\(\textbf{Localization and novel view synthesis results on KITTI.}\) Our method S3PO-GS maintains robust tracking and high-quality novel view synthesis even in cases of large-angle turns. This is achieved through our self-consistent 3DGS pointmap tracking and the patch-based pointmap dynamic mapping module.
SLAM System Pipeline
The system begins by initializing a 3D Gaussian map. For new input frame \(T_n\), we rasterize the 3DGS pointmap of the adjacent keyframe \(T_{ak}\), match it with the input image, and establish 2D-3D correspondences to estimate scale self-consistent pose. The estimated pose is further refined using photometric loss. If \(T_n\) is selected as keyframe, we obtain its rendered pointmap \(X^r\) and pre-trained pointmap \(X^p\), then crop both into patches with similar distributions. After patch normalization, the correct points are selected to compute a scaling factor, which is then used to adjust \(X^p\). Once the incorrect points are replaced, \(X^r\) is used to insert new Gaussians. Finally, the aligned pre-trained pointmap is used to jointly optimize the 3D Gaussian map, enabling precise and robust localization and mapping.

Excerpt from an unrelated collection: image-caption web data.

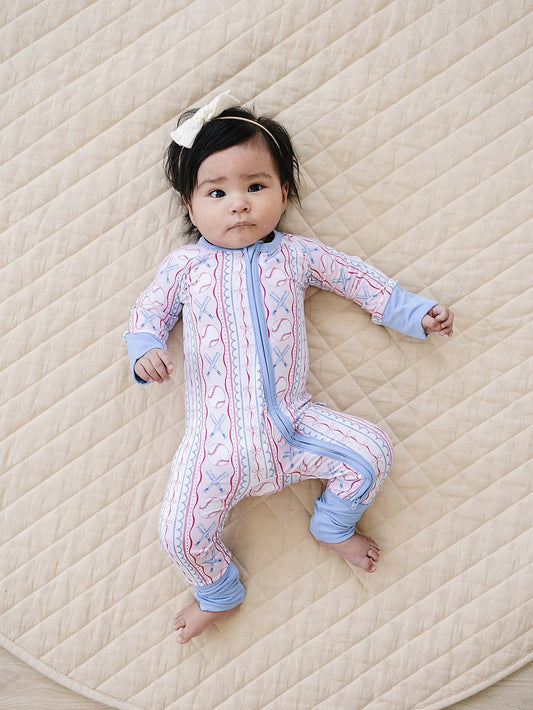 Bamboo Zip Romper | Baseball Girl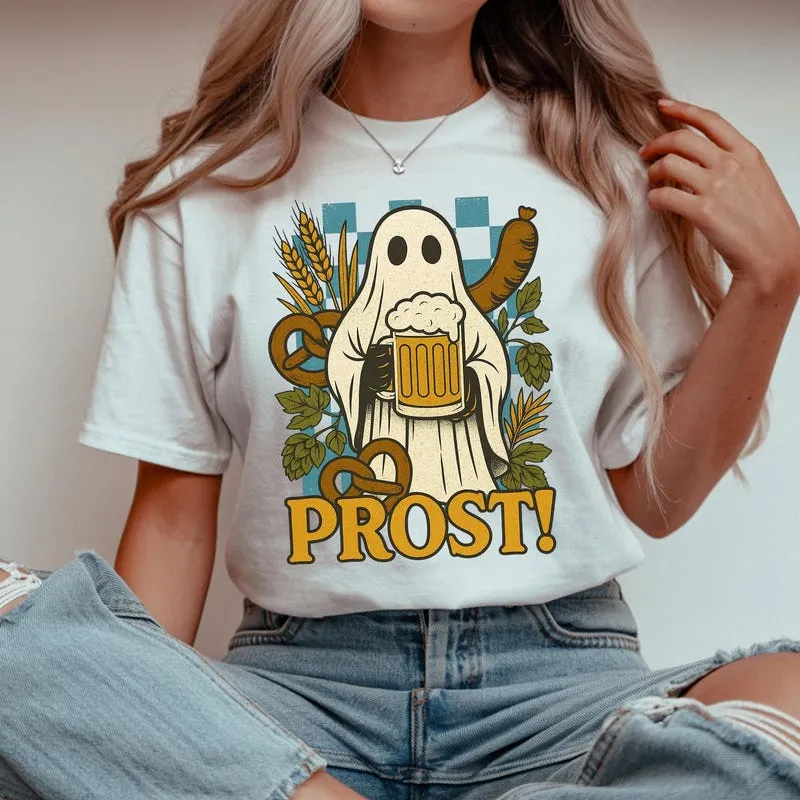 Product Prost Oktoberfest Ghost Halloween Bavarian T-shirt Hoodie Sweater Beer Fest Funny Graphic German Festival 2025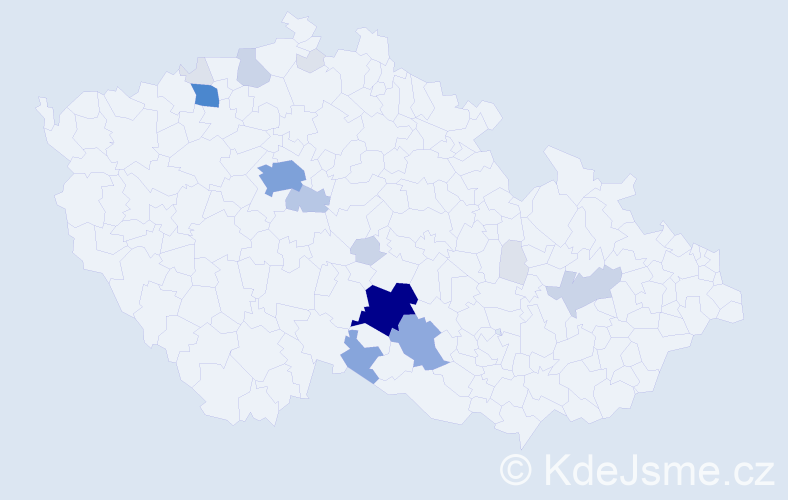 Příjmení: 'Antonů', počet výskytů 69 v celé ČR
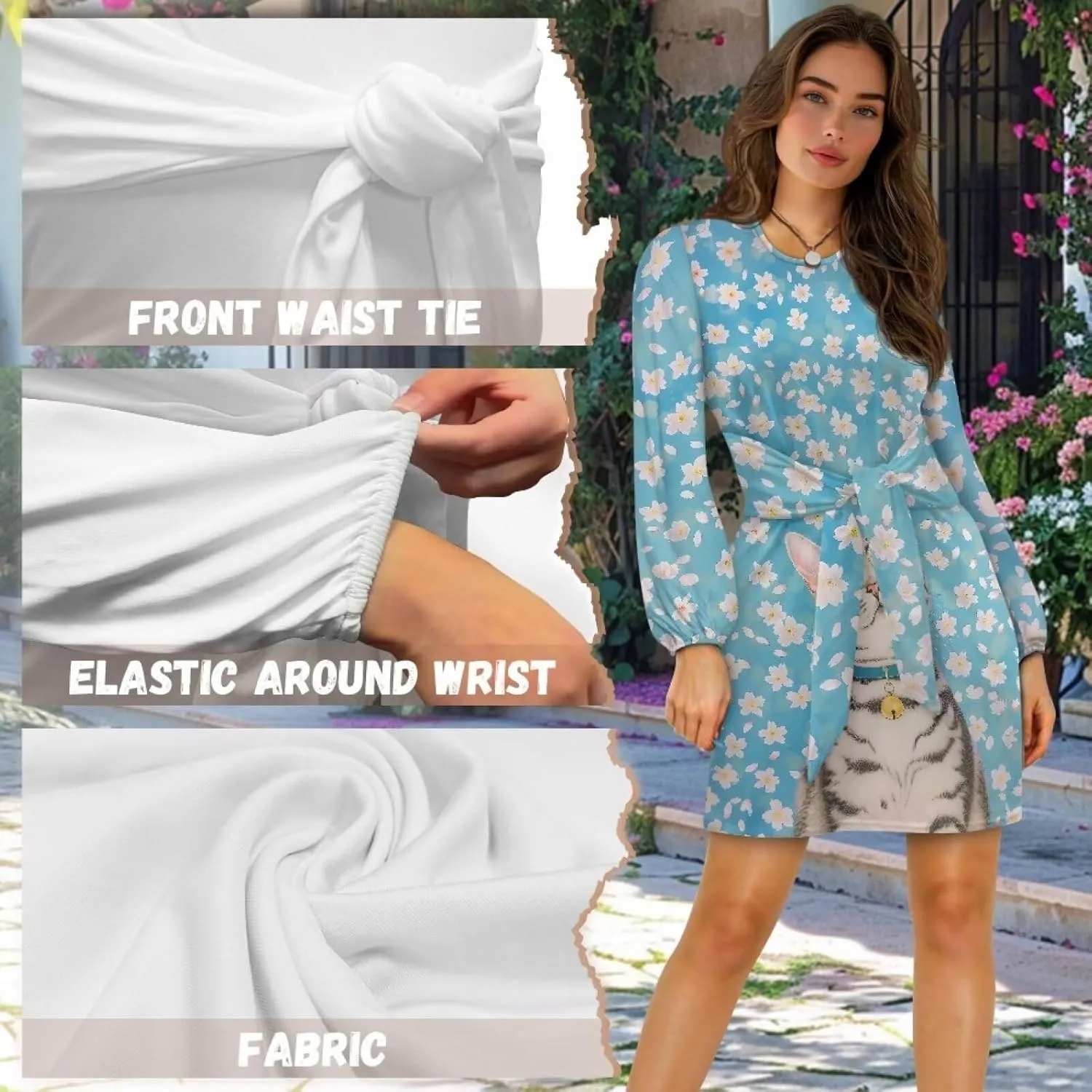TODIYADDU Womens Long Sleeve Dress for Women Long Sleeve Tie Waist Elegant Cocktail Party Mini Fall Dresses Gifts Size S-XL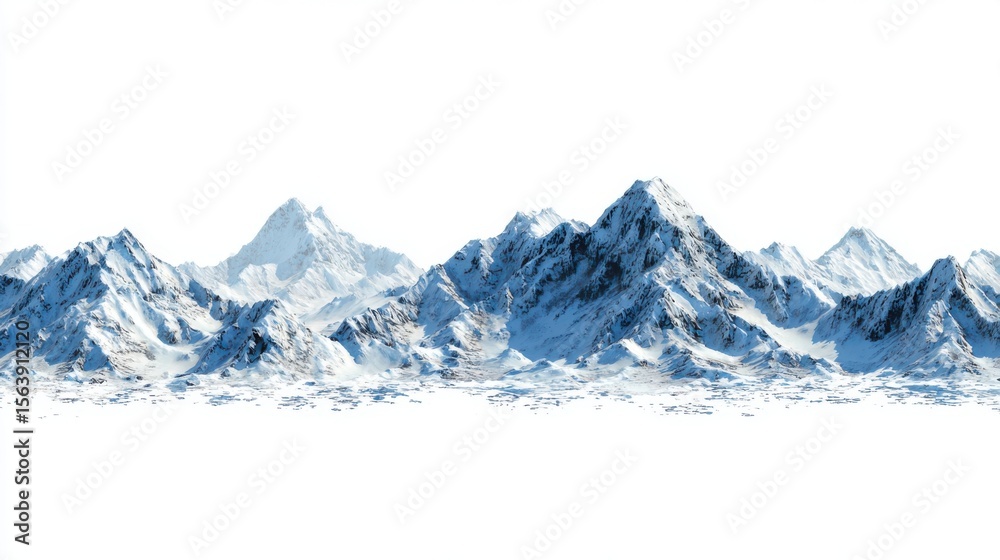 Fototapeta premium Majestic snow covered mountain range under a bright white sky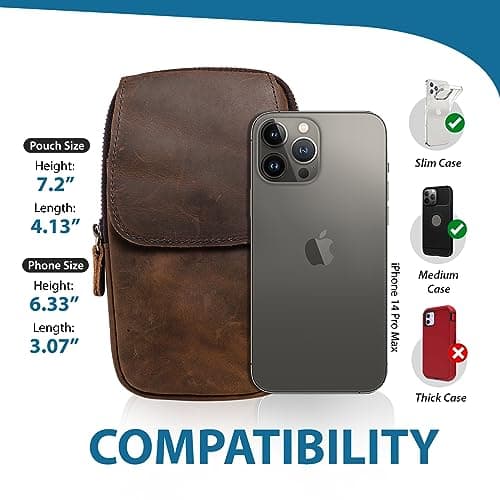 Hengwin Genuine Leather Mobile Phone Belt Bag, Cellphone Crossbody Pouch for Men, Mobile Phone Accessories, Outdoor, Travel, Waist Bag with Belt Clip, Messenger Bag Organizer (Coffee) — view 2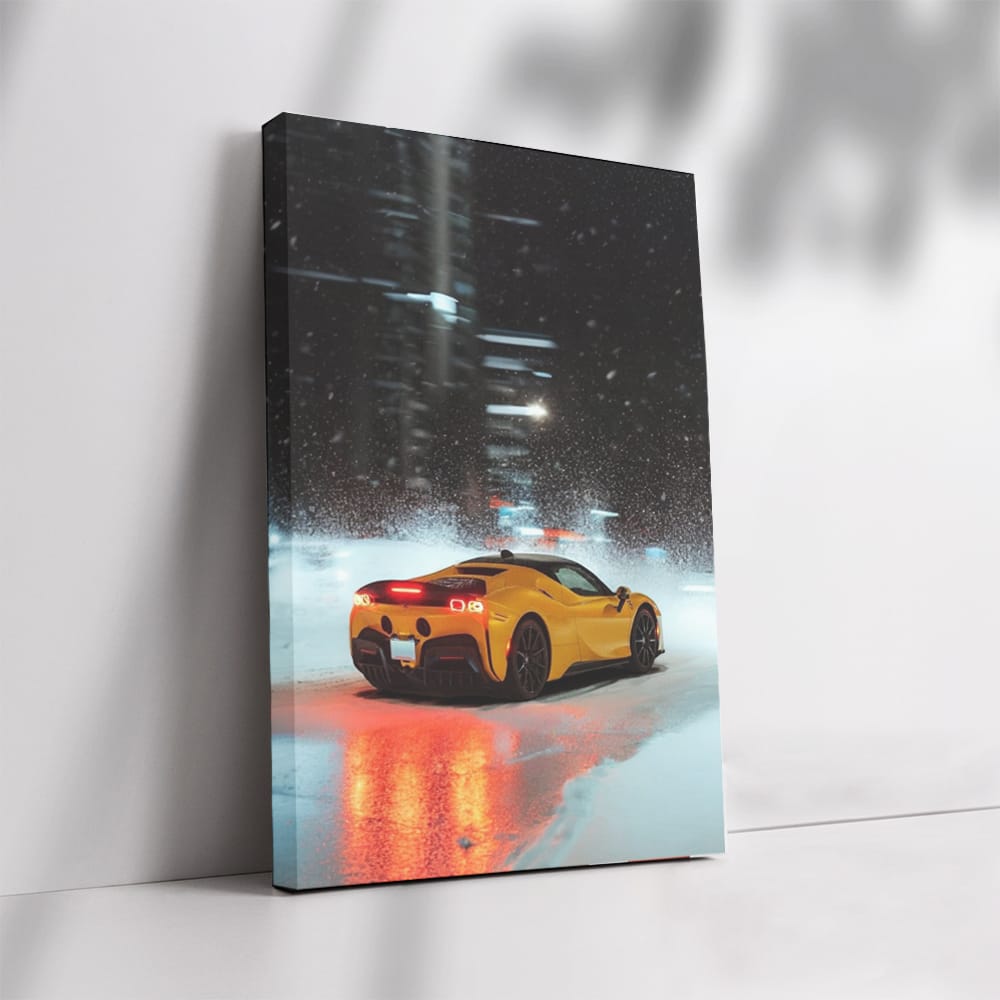 Ferrari in Night Snow - Icon of Speed and Elegance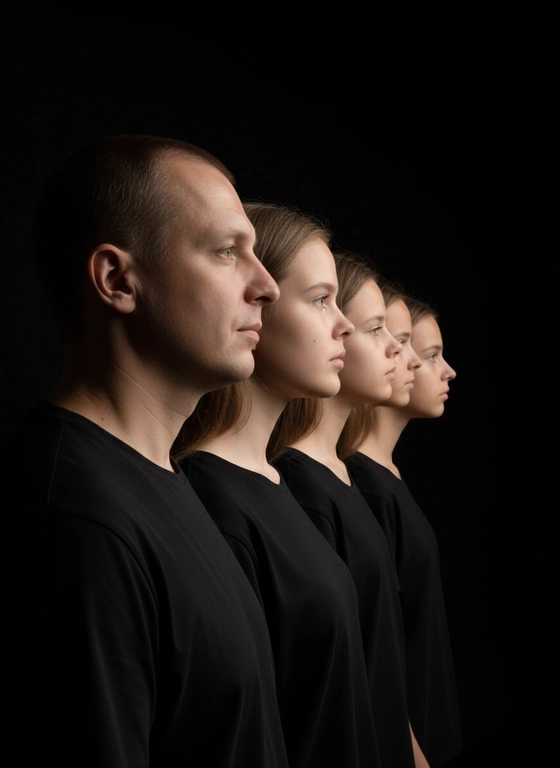 Профессиональный студийный портрет с низким контрастным светом. Головы расположены строго в одну линию, каскадом. боковой профиль, взгляд влево. У всех видны только головы и немного плечи. Черный фон. Черная одежда у всех. Люди занимают весь кадр. 5 человека. Порядок слева на право: отец-> мать-> старшая дочь -> средняя дочь -> младшая дочь. Строго в одну линию, боковой профиль, взгляд влево.У всех видны только головы и плечи. Чёрный фон.
Черная одежда у всех.
Профессиональный студийный портрет с низким контрастным светом.
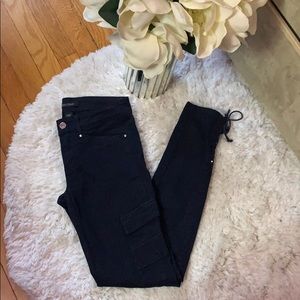 White House black market navy tie bottom denim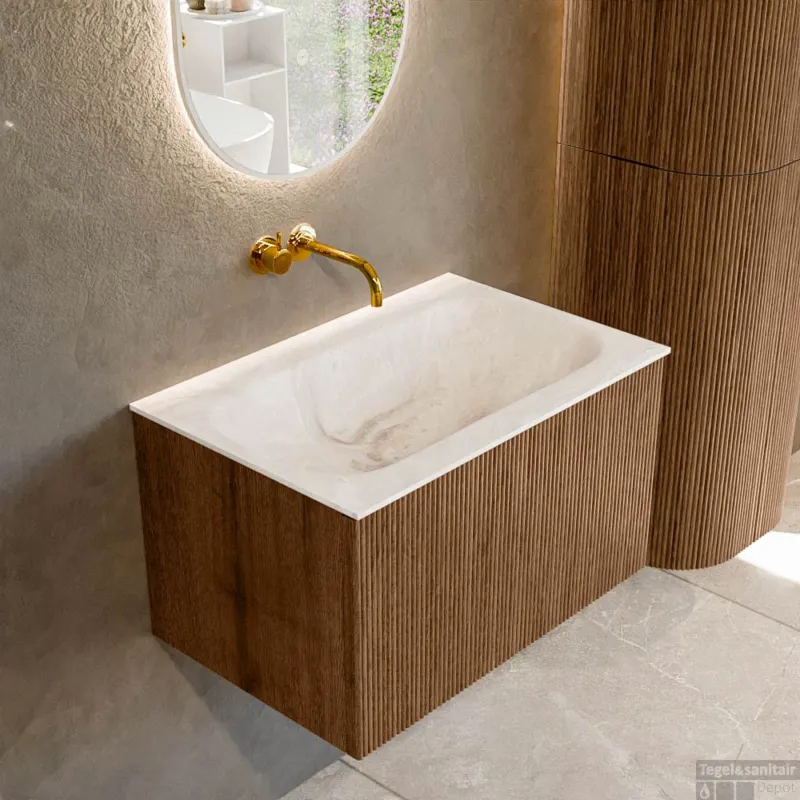 Mondiaz KURVE-DLUX 70 cm Onderkast Greeploos 1 Lade Zonder Deuren Walnut, Wastafel Solid Surface Volledig Frappe 0 Kraangaten Zonder Spiegel (KRVBGS701L0D0KM-Wal/Fra) Direct Verzonden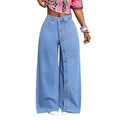 Fashionjeans women's light blue washed placket buttoned stylish slit high waistloose floor-length wide-leg denim pants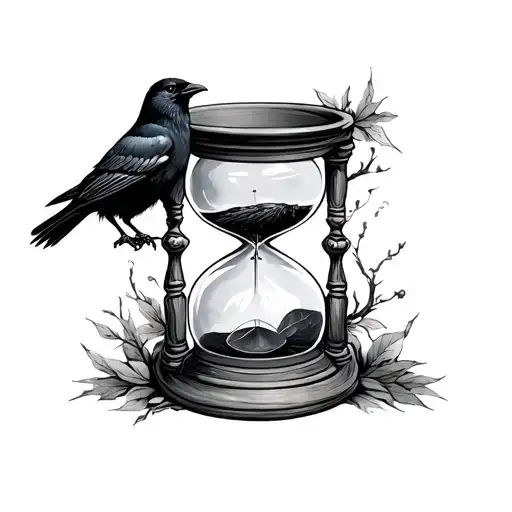Hour Glass And Crow Perched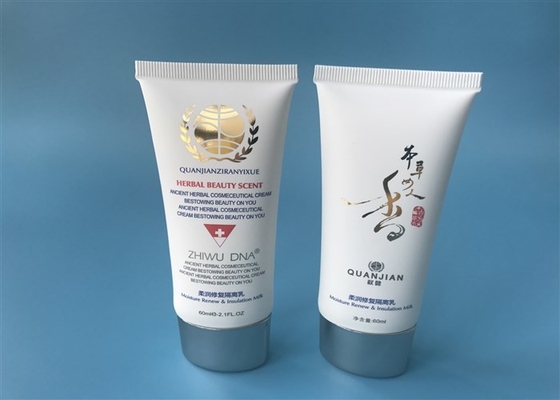 Oval Hand Cream Tube Packaging Diameter 35mm Hot Stamping Logo With Electroplate Screw On Cap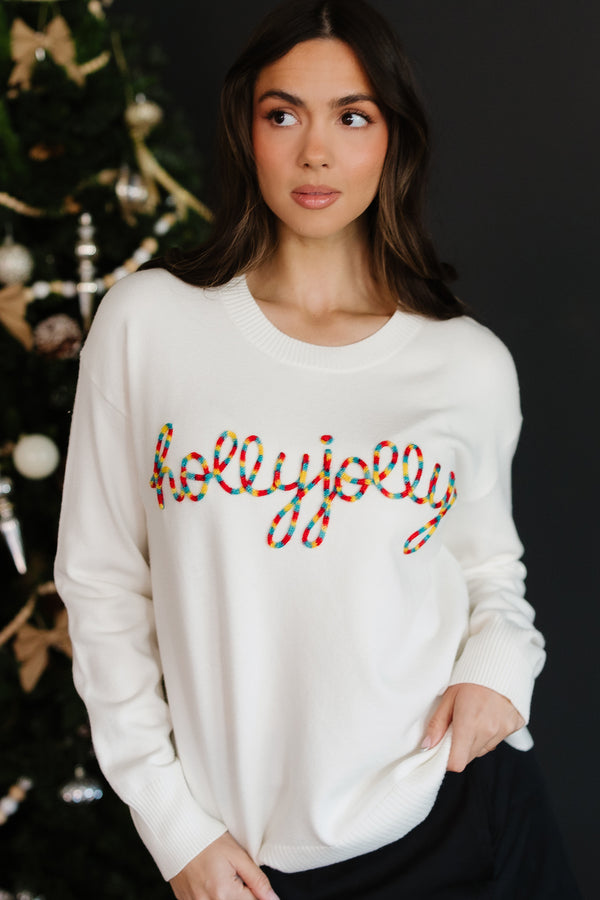 Pull femme Noël, en maille, ample — beige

Comparison with other methods
We compare our method with other RGB-only SLAM approaches supporting novel view rendering on three dataset. ATE RMSE [m] for tracking; PSNR, SSIM, and LPIPS for novel view rendering. Best results are in \(\textbf{bold}\), second-best in \(\underline{underlined}\). Our method achieves NVS SOTA performance across all datasets, with the best tracking accuracy on KITTI and DL3DV, and comparable tracking accuracy to GlORIE-SLAM on Waymo.